Formal foundations for program security

This volume uses Rocq to lay down formal foundations for the security of programs, by (1) setting clear security goals, (2) investigating enforcement mechanisms, and (3) proving that the mechanisms achieve their goals. In a bit more detail:
(1) We set clear security goals by mathematically defining what it means for a program to be secure with respect to a precise attacker model. The security goals we investigate are various information-flow security properties, formalized as variants of noninterference. Noninterference precisely expresses what it means for a program to not leak secrets to attackers with various capabilities. For instance, we investigate attackers that can observe (part of) the final result or state of the computation, or explicit program outputs happening during execution, or side-channel observations (e.g., the branches and memory addresses accessed by the program, as assumed by cryptographic constant-time programming discipline). We also investigate attackers that can influence the program by causing speculative execution to take the wrong branch in a conditional.
(2) We investigate various static and dynamic information-flow control enforcement mechanisms aimed at achieving specific noninterference properties. In particular we investigate enforcement via various security type systems, secure multi-execution, and a program transformation called Speculative Load Hardening (SLH).
(3) Finally, we prove in Rocq that these enforcement mechanisms do indeed achieve their desired security goal. For instance, we prove that a standard type system that prevents branch conditions and memory accesses that may depend on secrets indeed achieves cryptographic constant-time security, and also that together with the SLH transformation it achieves speculative constant-time security.

Expected audience

This volume can be of interest to anyone curious about the security applications of the concepts from the Logical Foundations volume and, more generally, those interested in a formal approach to security that is solidly grounded in fully mechanized Rocq proofs. This volume can also serve as a start for research in this area, and the Postscript presents a few illustrative security research projects involving machine-checked proofs.
This volume directly builds on the material in the Logical Foundations volume and the two can be used together in a one-semester course. We try not to assume prior knowledge in security and would appreciate your feedback if you find places in the volume where this can be improved.

Further reading

This volume is intended to be self-contained, but readers looking for a deeper treatment of particular topics will find some suggestions for further reading as citations in the technical chapters and in the Postscript chapter. Bibliographic information for all cited works can be found in the Bib file.

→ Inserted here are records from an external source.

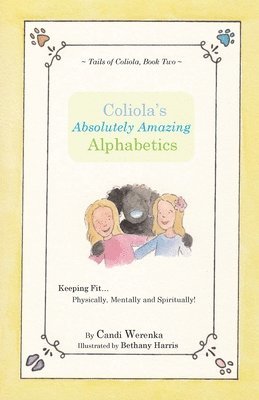 bokomslag Coliola's Absolutely Amazing Alphabetics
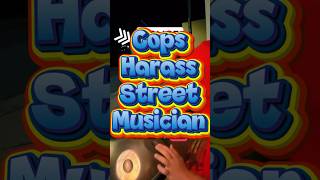 Police Being Used as a Tool For a Karen?👮👮🏻‍♂️🍩#police #streetperformer #musician #hearttouching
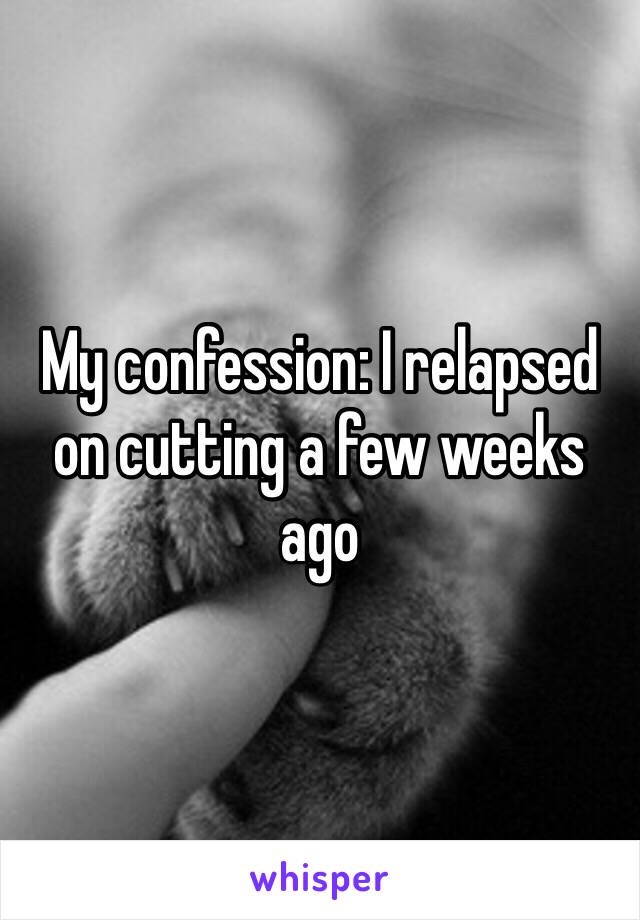 My confession: I relapsed on cutting a few weeks ago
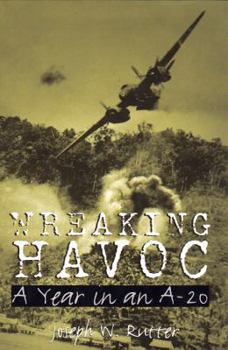 Wreaking Havoc: A Year in an A-20 (Texas a & M University Military History Series, 91.) - Book #91 of the Texas A & M University Military History Series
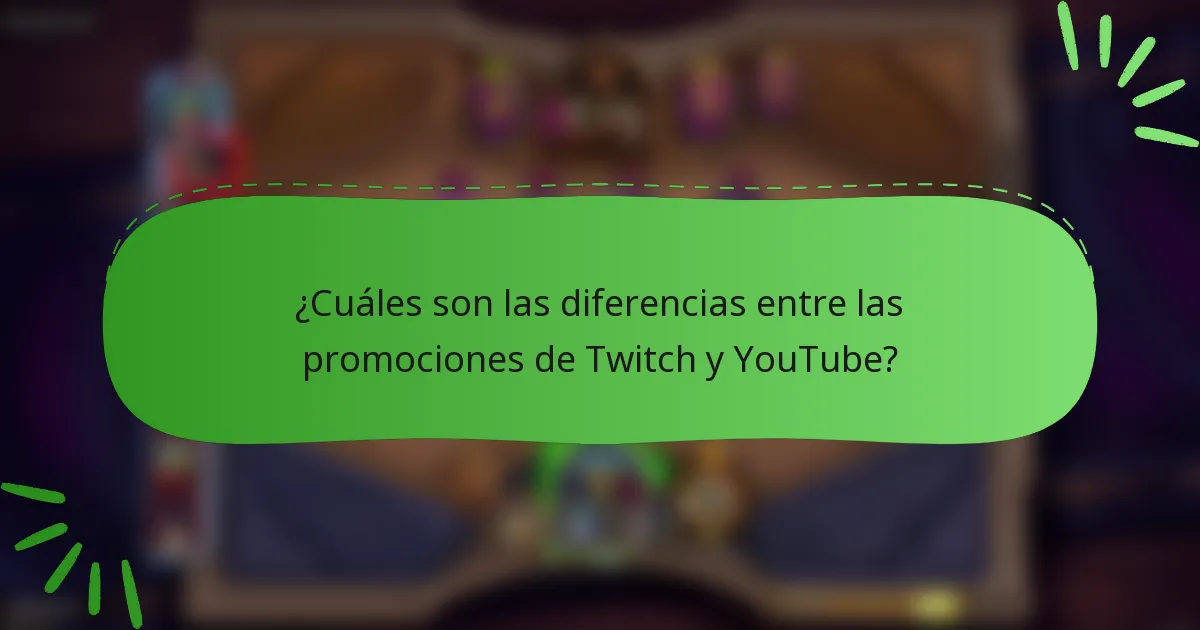 ¿Cuáles son las diferencias entre las promociones de Twitch y YouTube?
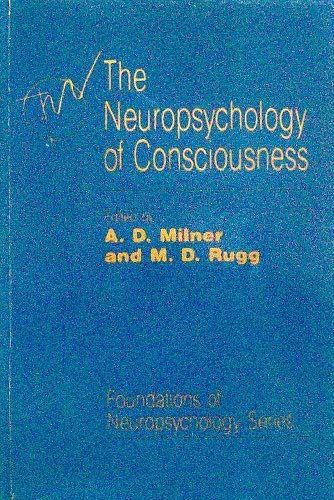 Book The Neuropsychology of Consciousness (Foundations of Neuropsychology) free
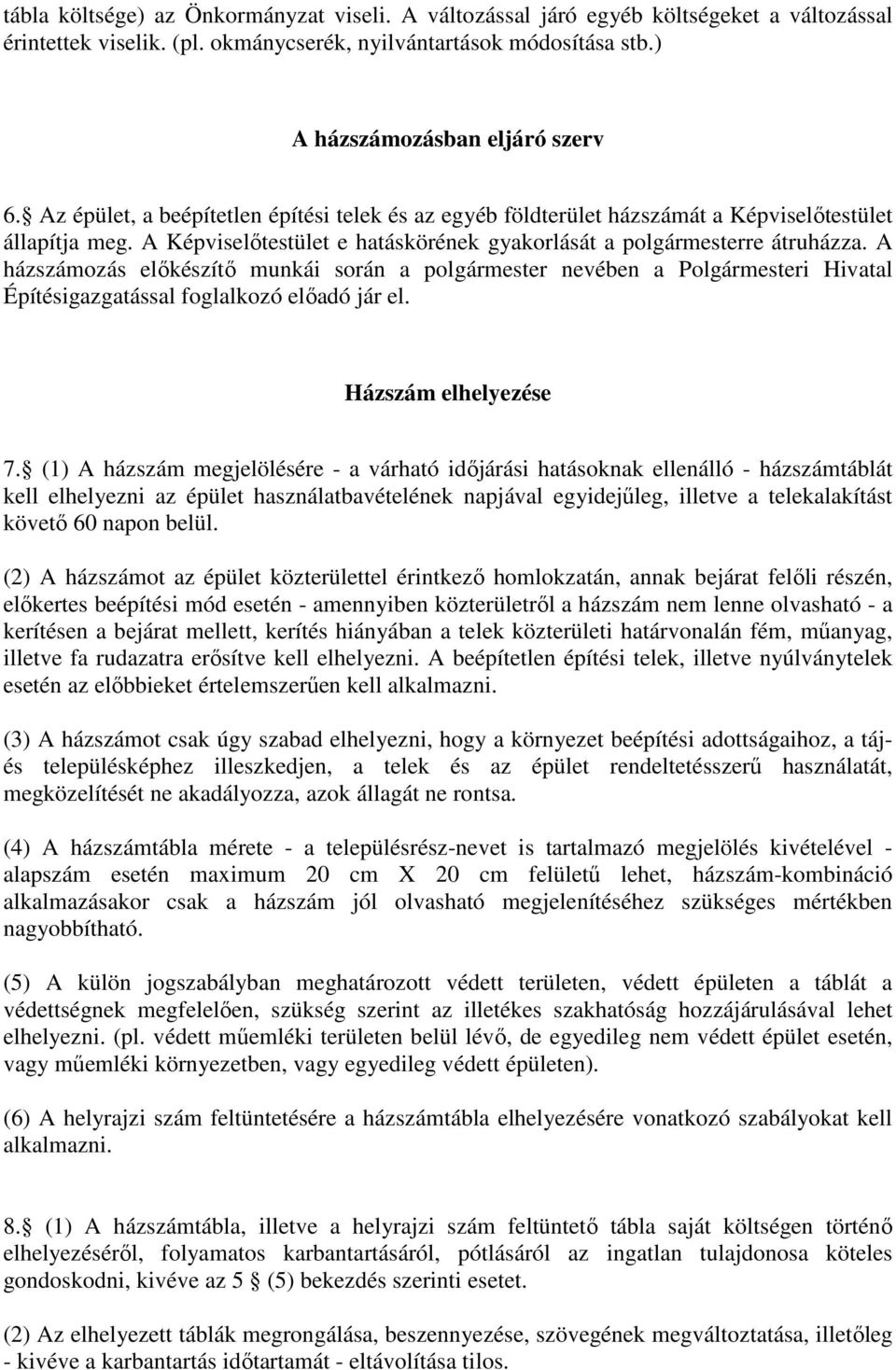 A házszámozás előkészítő munkái során a polgármester nevében a Polgármesteri Hivatal Építésigazgatással foglalkozó előadó jár el. Házszám elhelyezése 7.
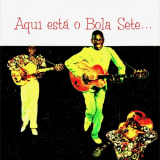 Bola Sete - Aqui EstÃ¡ O Bola Sete '1957/2019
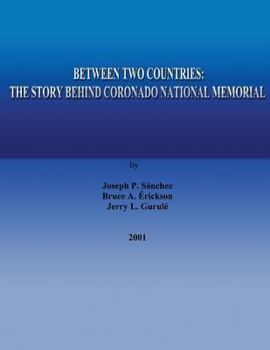 Paperback Between Two Countries: The Story Behind Coronado National Memorial Book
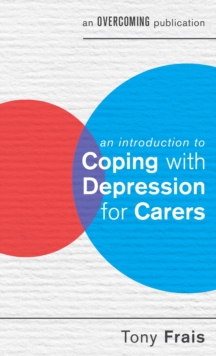 An Introduction to Coping with Depression for Carers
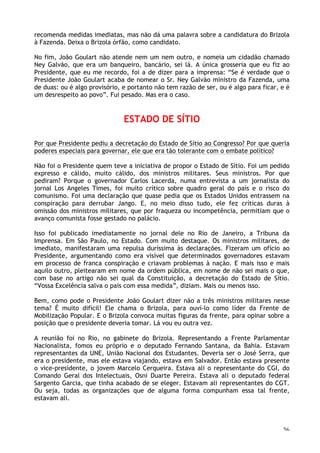 26
recomenda medidas imediatas, mas não dá uma palavra sobre a candidatura do Brizola
à Fazenda. Deixa o Brizola órfão, como candidato.
No fim, João Goulart não atende nem um nem outro, e nomeia um cidadão chamado
Ney Galvão, que era um banqueiro, bancário, sei lá. A única grosseria que eu fiz ao
Presidente, que eu me recordo, foi a de dizer para a imprensa: “Se é verdade que o
Presidente João Goulart acaba de nomear o Sr. Ney Galvão ministro da Fazenda, uma
de duas: ou é algo provisório, e portanto não tem razão de ser, ou é algo para ficar, e é
um desrespeito ao povo”. Fui pesado. Mas era o caso.
ESTADO DE SÍTIO
Por que Presidente pediu a decretação do Estado de Sítio ao Congresso? Por que queria
poderes especiais para governar, ele que era tão tolerante com o embate político?
Não foi o Presidente quem teve a iniciativa de propor o Estado de Sítio. Foi um pedido
expresso e cálido, muito cálido, dos ministros militares. Seus ministros. Por que
pediram? Porque o governador Carlos Lacerda, numa entrevista a um jornalista do
jornal Los Angeles Times, foi muito crítico sobre quadro geral do país e o risco do
comunismo. Foi uma declaração que quase pedia que os Estados Unidos entrassem na
conspiração para derrubar Jango. E, no meio disso tudo, ele fez críticas duras à
omissão dos ministros militares, que por fraqueza ou incompetência, permitiam que o
avanço comunista fosse gestado no palácio.
Isso foi publicado imediatamente no jornal dele no Rio de Janeiro, a Tribuna da
Imprensa. Em São Paulo, no Estado. Com muito destaque. Os ministros militares, de
imediato, manifestaram uma repulsa duríssima às declarações. Fizeram um ofício ao
Presidente, argumentando como era visível que determinados governadores estavam
em processo de franca conspiração e criavam problemas à nação. E mais isso e mais
aquilo outro, pleitearam em nome da ordem pública, em nome de não sei mais o que,
com base no artigo não sei qual da Constituição, a decretação do Estado de Sítio.
“Vossa Excelência salva o país com essa medida”, diziam. Mais ou menos isso.
Bem, como pode o Presidente João Goulart dizer não a três ministros militares nesse
tema? É muito difícil! Ele chama o Brizola, para ouví-lo como líder da Frente de
Mobilização Popular. E o Brizola convoca muitas figuras da frente, para opinar sobre a
posição que o presidente deveria tomar. Lá vou eu outra vez.
A reunião foi no Rio, no gabinete do Brizola. Representando a Frente Parlamentar
Nacionalista, fomos eu próprio e o deputado Fernando Santana, da Bahia. Estavam
representantes da UNE, União Nacional dos Estudantes. Deveria ser o José Serra, que
era o presidente, mas ele estava viajando, estava em Salvador. Então estava presente
o vice-presidente, o jovem Marcelo Cerqueira. Estava ali o representante do CGI, do
Comando Geral dos Intelectuais, Osni Duarte Pereira. Estava ali o deputado federal
Sargento Garcia, que tinha acabado de se eleger. Estavam ali representantes do CGT.
Ou seja, todas as organizações que de alguma forma compunham essa tal frente,
estavam ali.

Recommended citation format

If you want to refer to this volume in your own writing, please do so as follows:
    @book {Hritcu:SF7,
    author = {Cătălin Hriţcu},
    editor = {Benjamin C. Pierce},
    title = "Security Foundations",
    series = "Software Foundations",
    volume = "7",
    year = "2025",
    publisher = "Electronic textbook",
    note = {Version 0.2,
                      \URL{http://softwarefoundations.cis.upenn.edu} },
    }

Feedback or any other contribution welcome

We plan to continue improving and expanding this volume, so any feedback on it or any other contribution would be much appreciated.

Thanks

This volume originated from teaching materials for courses we taught at Ruhr Uni Bochum and we would like to thank the students taking these courses for putting up with very rough early drafts of these materials. We also thank all people who have contributed to this volume (the people we remembered are listed on the cover page of this volume).